Ce genre d’incident se multiplie à outrance depuis qu’un certain Nigérian de 23 ans, Umar Farouk Abdulmutallab, a tenté le 25 décembre dernier de faire exploser l’avion assurant le vol 253 de Northwest Airlines en provenance d’Amsterdam, à l’aide d’explosifs dissimulés sous ses vêtements, peu avant l’atterrissage à Detroit. Comme des millions de Libanais à travers le monde, ce couple et leur nourrisson n’ont plus le droit à l’anonymat ou à la banalité. Ils sont coupables d’un « crime terrible », qui en fait des suspects potentiels d’« activités terroristes » : celui d’être originaires du Liban.
Cent pour cent des passagers en provenance de quatre pays, dont le pays du Cèdre, notamment des ressortissants américains nés au Liban ou des Libanais qui possèdent le passeport américain ou européen depuis plusieurs générations, sont en effet fouillés systématiquement, c’est-à-dire soumis à une fouille corporelle « complète », ainsi qu’à une inspection « manuelle » de leurs effets personnels, conformément aux directives de l’administration de la sécurité dans les transports.

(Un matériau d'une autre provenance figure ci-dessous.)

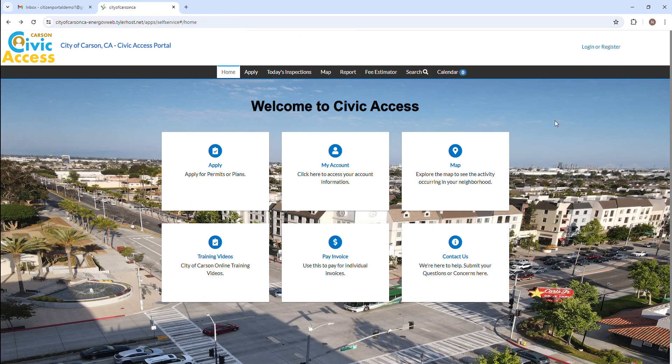Welcome to the City of Carson's Civic Access Portal. To register, navigate to the Municipality's Access site.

Ainsi, un ancien ministre et diplomate libanais, qui retournait à Beyrouth après avoir participé aux travaux de l’Assemblée générale de l’ONU, a-t-il lui aussi été fouillé de fond en comble. Muni d’un passeport diplomatique, cet ancien responsable a aussitôt fait valoir ses droits auprès des instances sécuritaires de l’Aéroport John F. Kennedy, ne s’attirant, pour toute réponse, qu’un commentaire dédaigneux de ces dernières.
S’il est naturel que les États-Unis prennent toutes les mesures nécessaires pour combattre le terrorisme, la question reste de savoir pour quelles raisons les ressortissants libanais ou d’origine libanaise, dont plusieurs milliers vivent, travaillent ou se rendent couramment sur le territoire américain, sont-ils dans la ligne de mire des autorités US. Question plus lancinante encore : pourquoi n’y a-t-il aucune réaction dans les milieux officiels libanais par rapport à ces mesures excessives ? D’autant que les visas américains sont octroyés par l’ambassade américaine à Awkar au terme d’un contrôle particulièrement sévère des demandeurs, notamment par l’aile sécuritaire de l’ambassade, ainsi qu’à Washington même. Sans oublier le fait que les responsables américains se rendent couramment au Liban sans qu’aucun incident n’ait été signalé à leur encontre durant ces dernières années – alors même que le périmètre de l’Aéroport international de Beyrouth est sous le contrôle du Hezbollah – et que l’AIB n’a connu aucun incident sécuritaire depuis au moins deux décennies.